“Listening to the year 9 students’ ‘voices’ about the benefits of working in a cross-curricular way provides a powerful recommendation for engaging in cross-curricular collaboration for at least one mini-unit of work during the school year.”
Mark Jones and Bernadette Fitzgerald, 2007
Topics on this page:
- Interdisciplinary curricula
- Big issues and school curricula
- Reading
- Skills-based curriculum models
- What should I do if I am asked to teach another subject?
Geography incorporates as much from the natural sciences as the social sciences, and one of the strengths of geography is that it brings these areas together. This makes it easier for geography teachers to think about interdisciplinary curricula.
All teachers should explore where their subject fits into a bigger curriculum picture. Geographers should ask other teachers, ‘What are you looking to achieve in your classroom and why?’. Looking at a different set of traditions and approaches in another discipline can deepen our own analysis of what we do, and whether we could do it better.
Interdisciplinary study allows students to learn by making connections between ideas and concepts across different disciplinary boundaries. Making links with different subjects can bring a different perspective to many different issues.
Interdisciplinary curricula
David Lambert wrote,
Geography is a linking discipline.
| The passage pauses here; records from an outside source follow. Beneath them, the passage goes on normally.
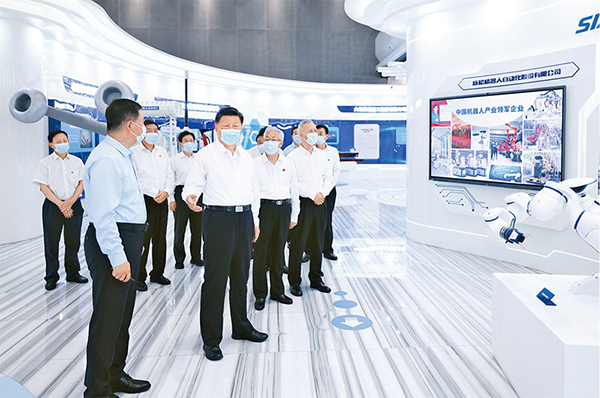 微信图片_20220922130439.jpg 微信图片_20220922130439.jpg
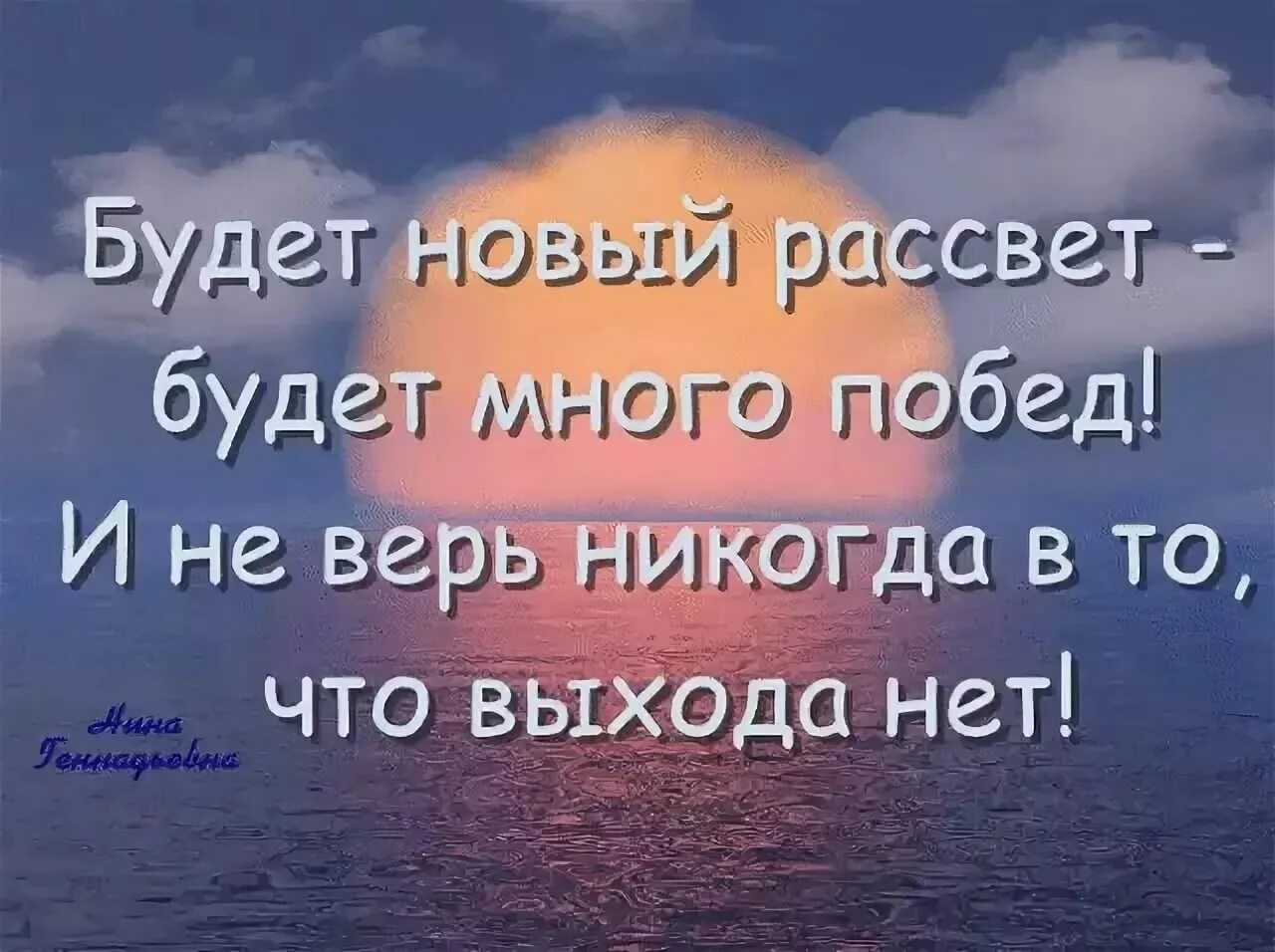 Верила мне нужно было. Надо верить в хорошее. Всё будет хорошо главное верить. Все будь хорошо главное верить. Нужно верить в лучшее.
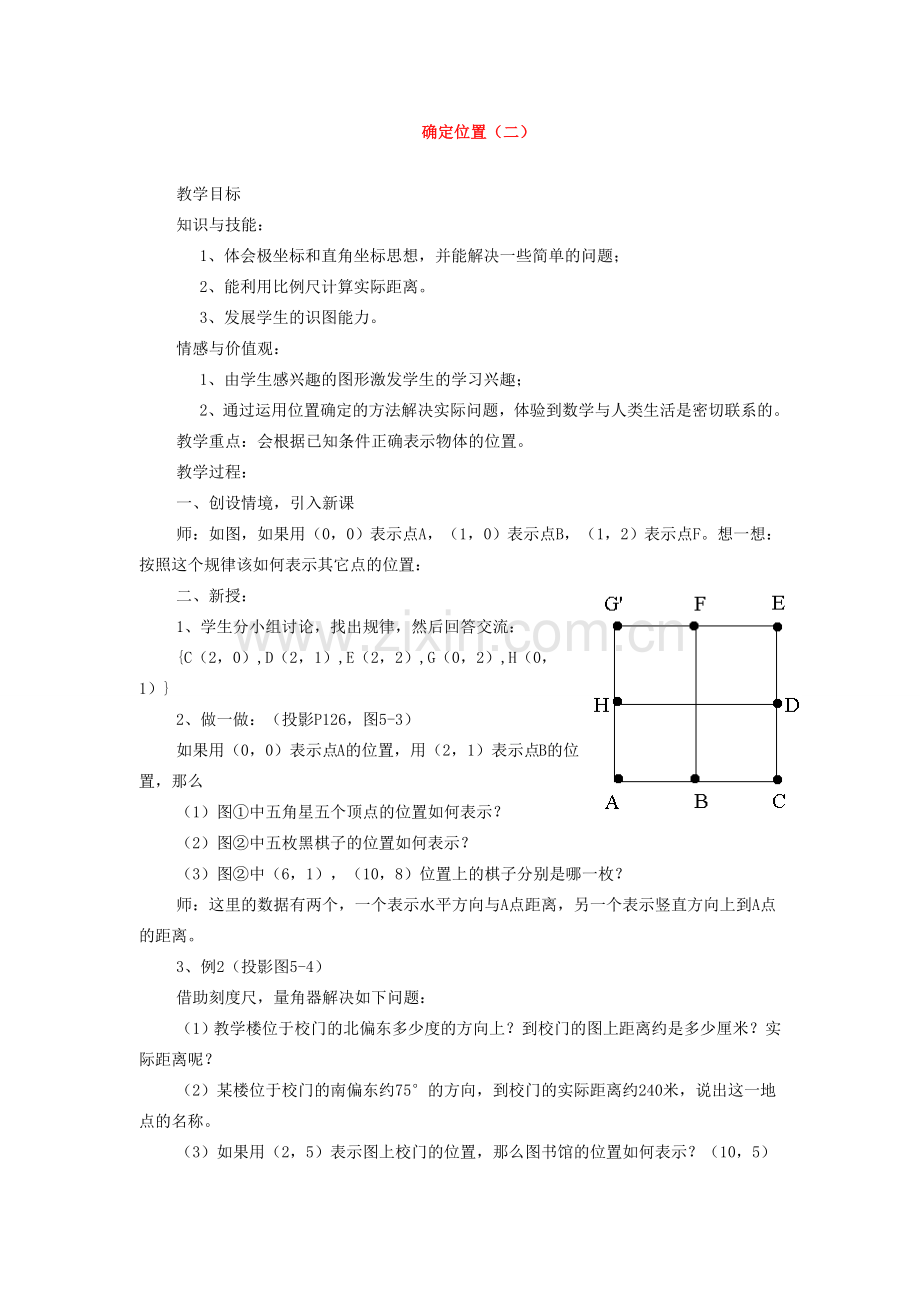 七年级数学下册6.2坐标方法的简单应用教案3人教版.doc_第1页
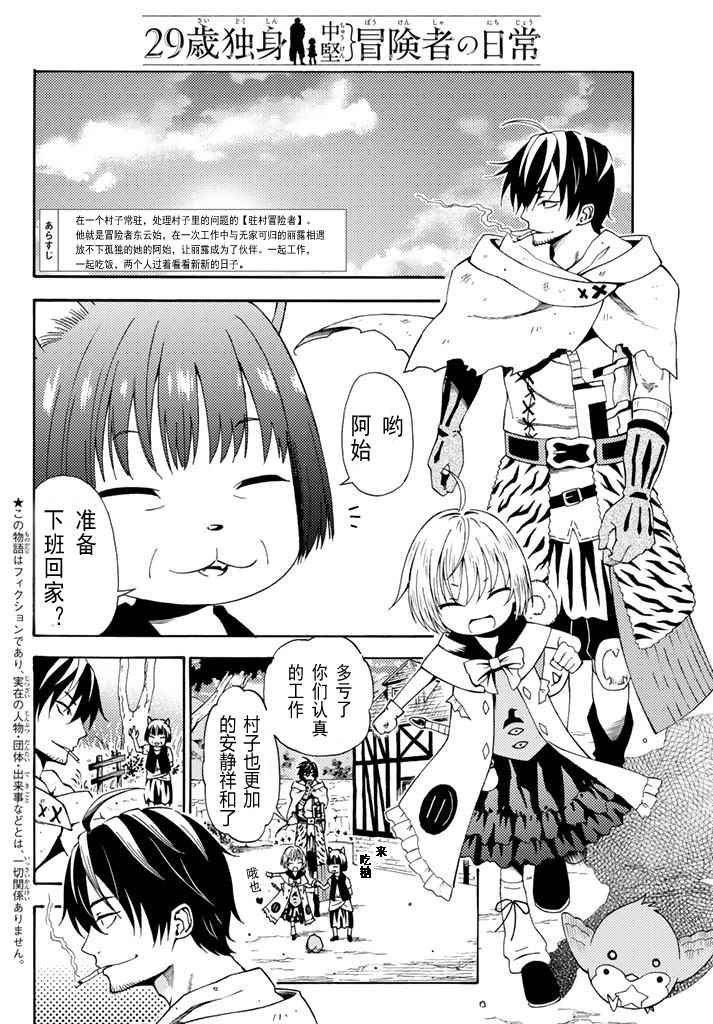 第20话
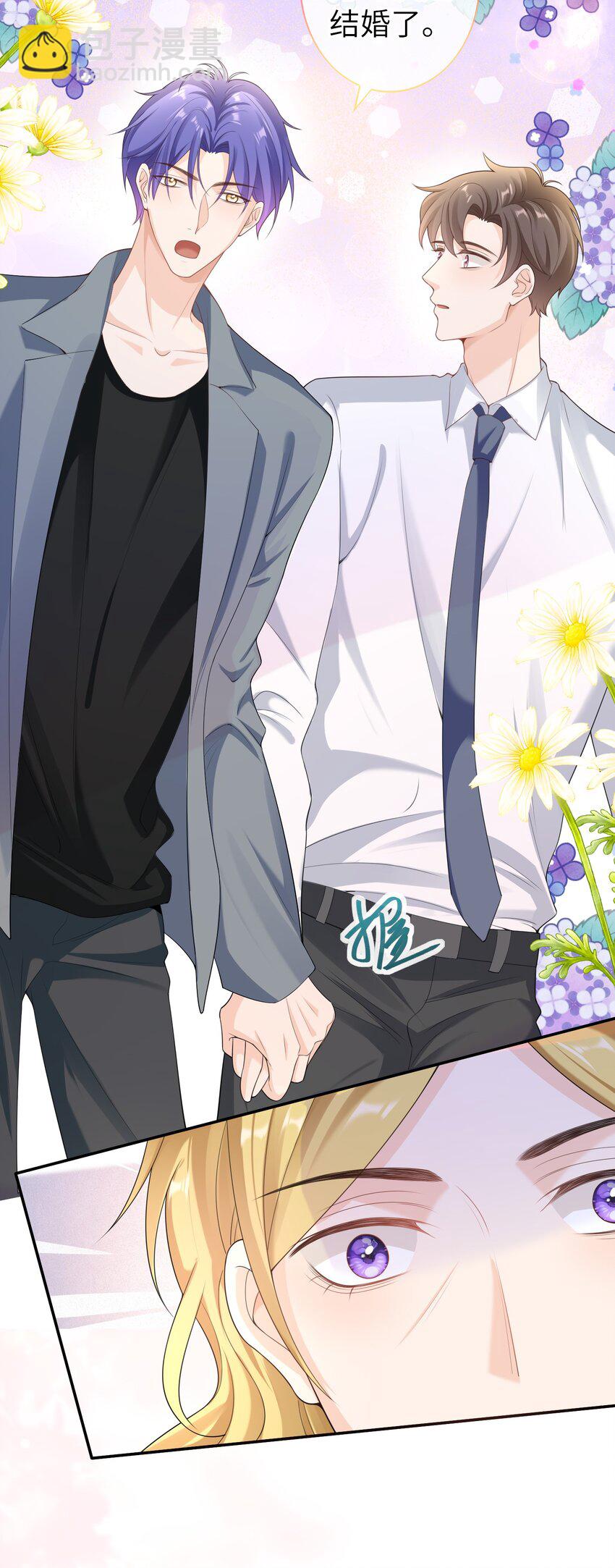 050 为什么要扔药？-第49话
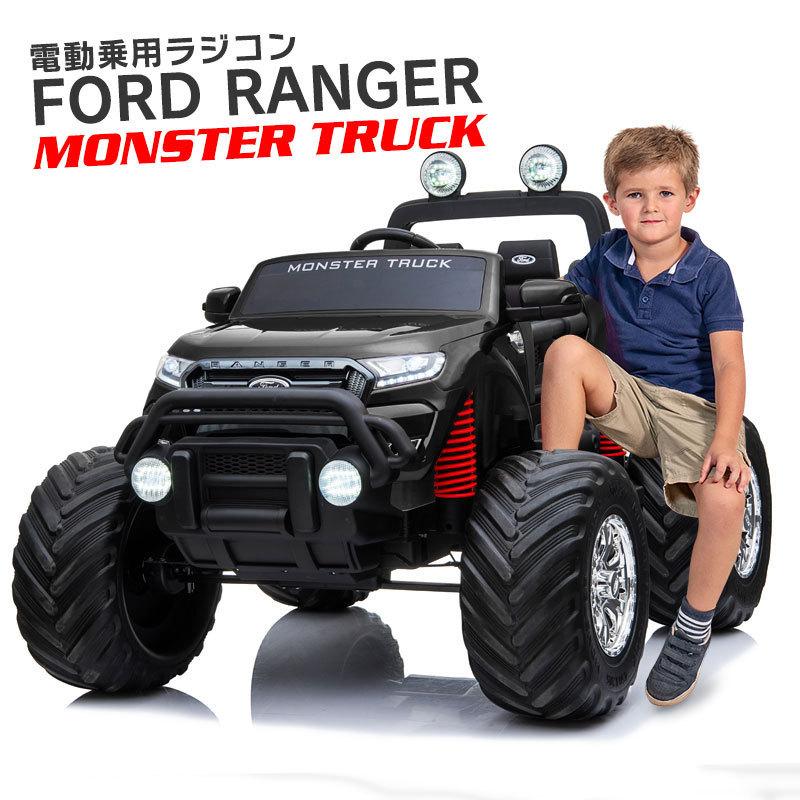 高質で安価 乗用ラジコン ホビーラジコン Knowledge21 Com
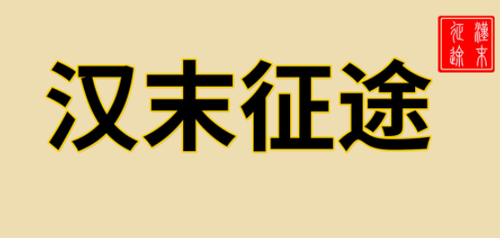 汉末征途无限金币版图片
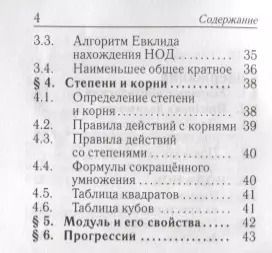 Фотография книги "Кулабухов, Лысенко: Математика. 7-11 классы. Карманный справочник"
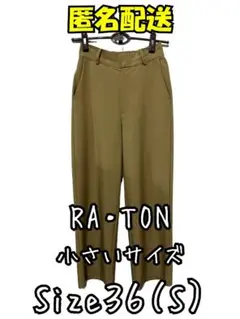 美品　RA-TON スラックス サイズ36(S) 茶色　オフィス　小さいサイズ
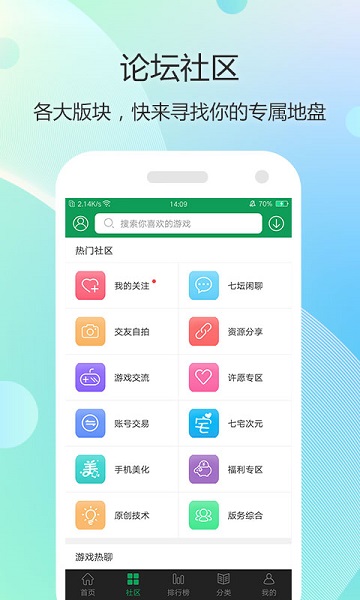 7322游戏盒无限资源版截图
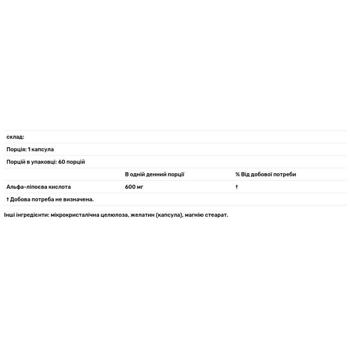 Альфа-липоевая кислота Healthy Origins 600мг 60 капсул - купить, цены на Biotus - фото 2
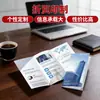 70% de descuento en Impresión de Flyers por Página, Folletos Publicitarios Coloridos a Doble Cara, Pósters, Folletos Corporativos, Manuales de Productos de Impresión Rápida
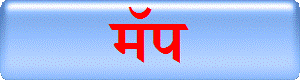 मॅप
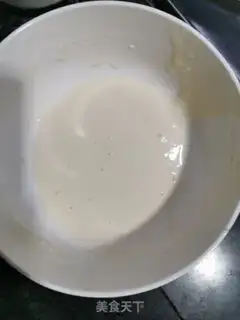 Make Homemade rubber mud step 1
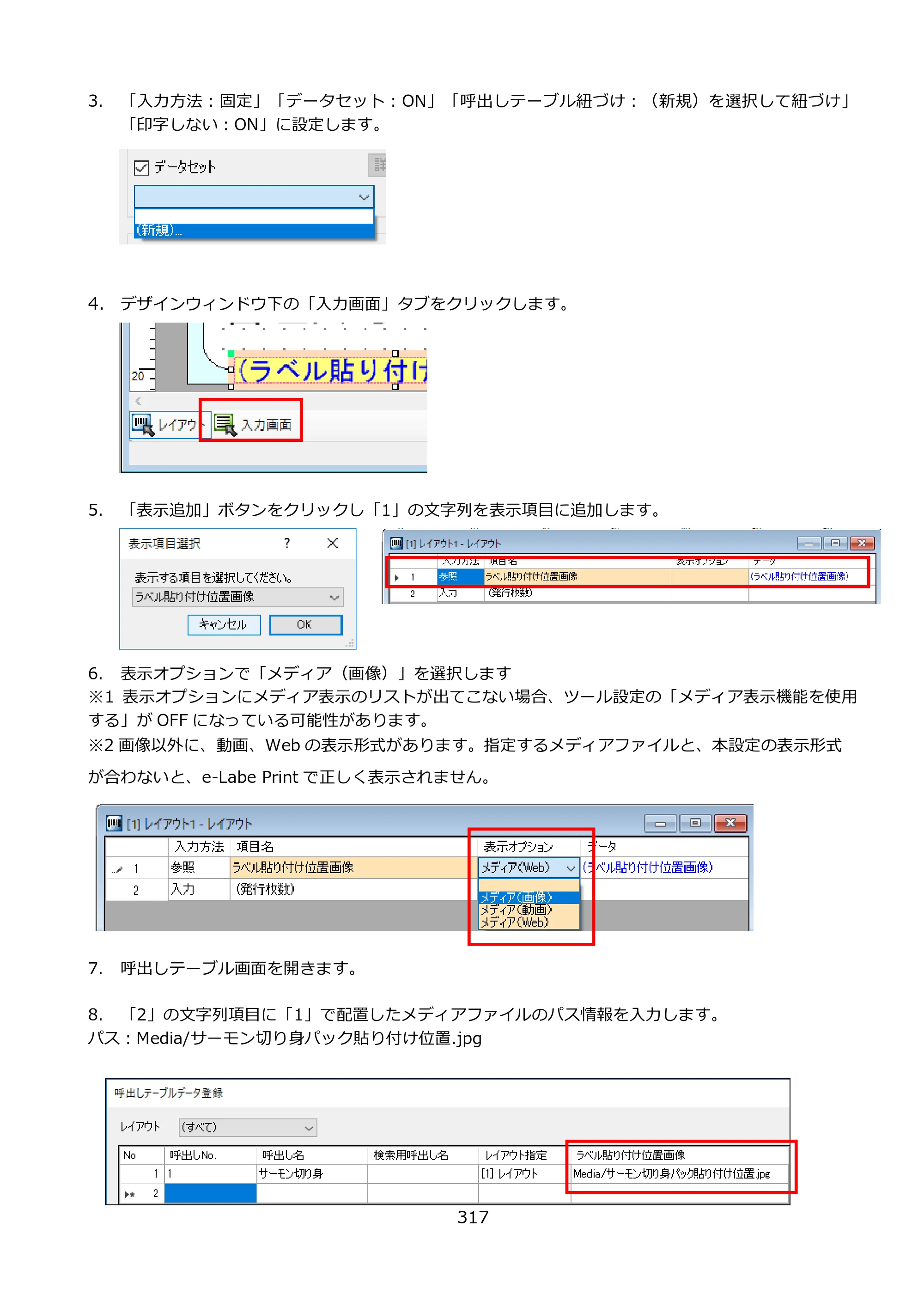 サトー FLEQV(フレキューブ) FX3-LX / FLEQV(フレキューブ) FX3-Plus / LEQV(フレキューブ) FX3-Plus e-Labe Designer操作マニュアル PRO形式（第25版） — 原本ページ — 318ページ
It links with science, with the arts and with other humanities subjects like history. In schools where geography in strong, the subject can help with curriculum coherence as well as satisfy pupils‟ curiosity about people and places. Geography also offers opportunities to develop a broader skills and knowledge set. This is particularly the case with ICT and the enormous potential of digital mapping, visualisers and GIS4. (Reviewing the case for geography, 2011)
Interdisciplinarity means that different disciplines work together which can yield new understandings that would not have been possible if teachers had worked only in their own discipline area.
Geography, as a subject discipline, draws on inter-disciplinary methodologies across both the natural and social sciences, has an affinity with a wide range of curriculum subjects and it is common in schools for geography departments to foster some links with other subjects. When teachers work together to design curriculum units, it can be beneficial for both subjects and provide students with new insights from the different perspectives.
When school managers are considering curriculum organisation in a school they often put together history, geography and religious education into a ‘humanities’ faculty, without always engaging in sufficient debate on how or why these disciplines should be linked. If teachers have debated this and agreed to work together closely in a humanities faculty, they often feel their subjects are strengthened by the experience.
If you look at the content of the National Curriculum and GCSE, you will see there are clear overlaps in content between geography and science subjects. The content is like a jigsaw with topics interlocking with different subject disciplines. Geography has benefited from working in collaboration with many subjects in both humanities and science and also with English, psychology and the creative arts. We should not erect strict boundaries around our subject.
If subject specialists enter into dialogue with each other, they will find many opportunities where curricula in one subject can serve another. Curricula sequencing does need to be led by each individual subject, but it is fruitful to think about how geography can build on students’ prior knowledge from other subjects and end up with richer understanding.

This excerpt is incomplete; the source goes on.